92% of Clemson students would choose Clemson again
CLEMSON — The vast majority of Clemson University seniors and freshmen say they would choose Clemson if they could go back in time and pick a school all over again.
The 2014 National Survey of Student Engagement (NSSE) report shows that 92 percent of seniors and 92 percent of first-year students would choose Clemson again, compared to 82 and 85 percent, respectively, at peer schools.
Clemson once again excelled in multiple areas of the NSSE, including the collaborative learning indicator, which gauges the amount of time students spend helping each other understand course material, complete projects and prepare for exams. Clemson’s results in these areas were 14 to 17 percent higher among first-year students than those at peer schools.
When asked to what extent their courses challenge them to do their best work, 64 percent of Clemson freshmen gave “high challenge” scores, compared to 53 percent at the comparative schools. For seniors, the results were 60 percent “high challenge” compared to 58 percent at the other schools.
Clemson seniors also gave exceptionally high scores when asked if they completed a culminating senior experience (20 percent higher than at peer schools), worked with a faculty member on a research project (19 percent higher), participated in an internship or similar program (19 percent higher) and if the institution emphasizes providing opportunities to be involved socially (17 percent higher).
Not surprisingly, Clemson’s strongest showings were in the “institution emphasis on attending campus activities and events” category, with freshmen 20 percent and seniors 23 percent higher than at comparison schools.

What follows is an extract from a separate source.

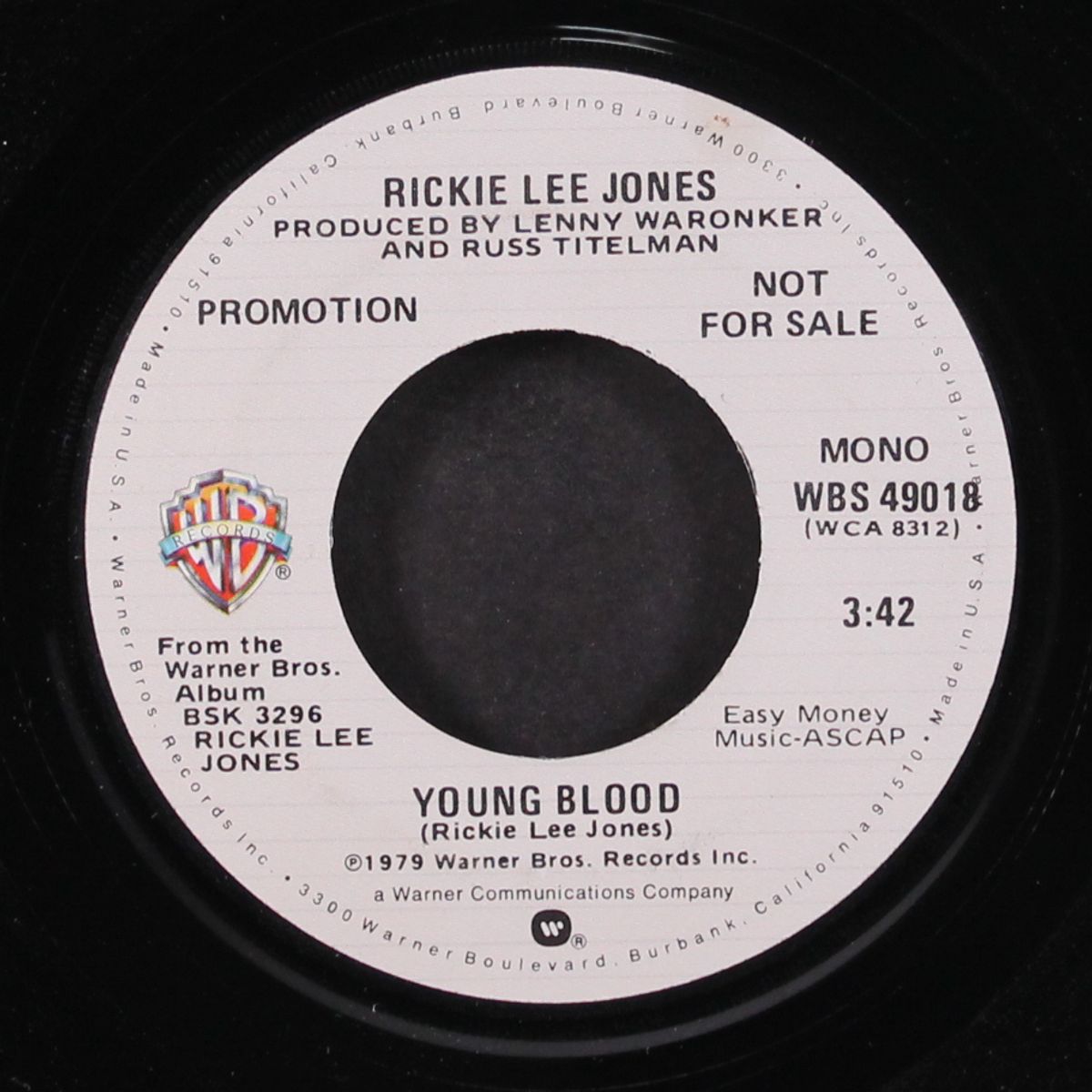 young blood / mono by RICKIE LEE JONES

Debra Jackson, assistant to the president and vice provost for academic affairs, noted that another highlight of the study was that 95 percent of Clemson seniors said they have participated in high-impact practices, which are special undergraduate opportunities that have positive associations with student learning and retention. That is compared to 85 percent in schools within the same classification
“Eighty-one percent of our seniors have participated in one or more of these high-impact opportunities,” she said. “This is extremely important. The university is committed to providing every student opportunities for engagement and leadership, and these results support and provide evidence that we are meeting this goal.”
Jackson also pointed out that since the university participated in a special civic engagement module this year, students scored well in helping people resolve their disagreements with each other, leading a group where people from different backgrounds feel welcomed and contributing to the well-being of the community.

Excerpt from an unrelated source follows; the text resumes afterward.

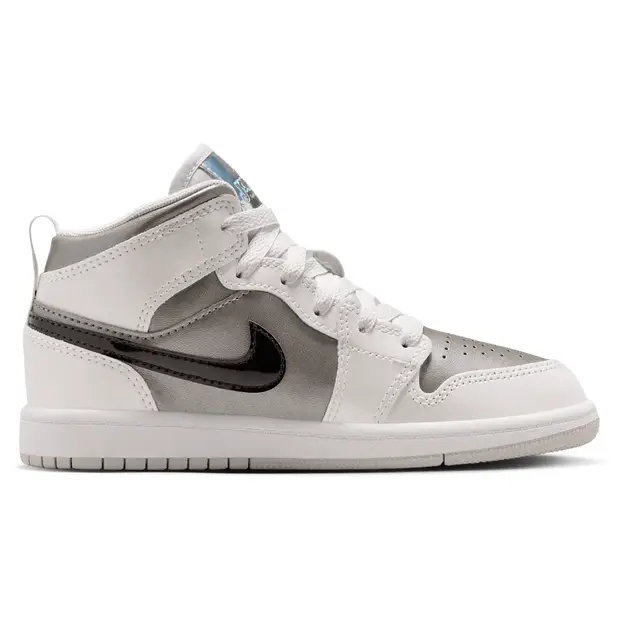 Aj1 Mid Bambini - Sneakers Grigio Grey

“Clemson didn’t score sky-high on every item, but that is exactly why the university chooses to participate in such studies,” said Jackson.
“As in all surveys, the rich data that we received indicates that we are doing some things extremely well and there are other places where we can improve,” she explained. “We need to examine the results with the faculty and staff. There are opportunities for us to try new strategies and continue to improve.”
Since its launch in 2000, more than 1,500 four-year colleges and universities in the U.S. and Canada have participated in the NSSE. This year, 640 U.S. and 73 Canadian institutions participated.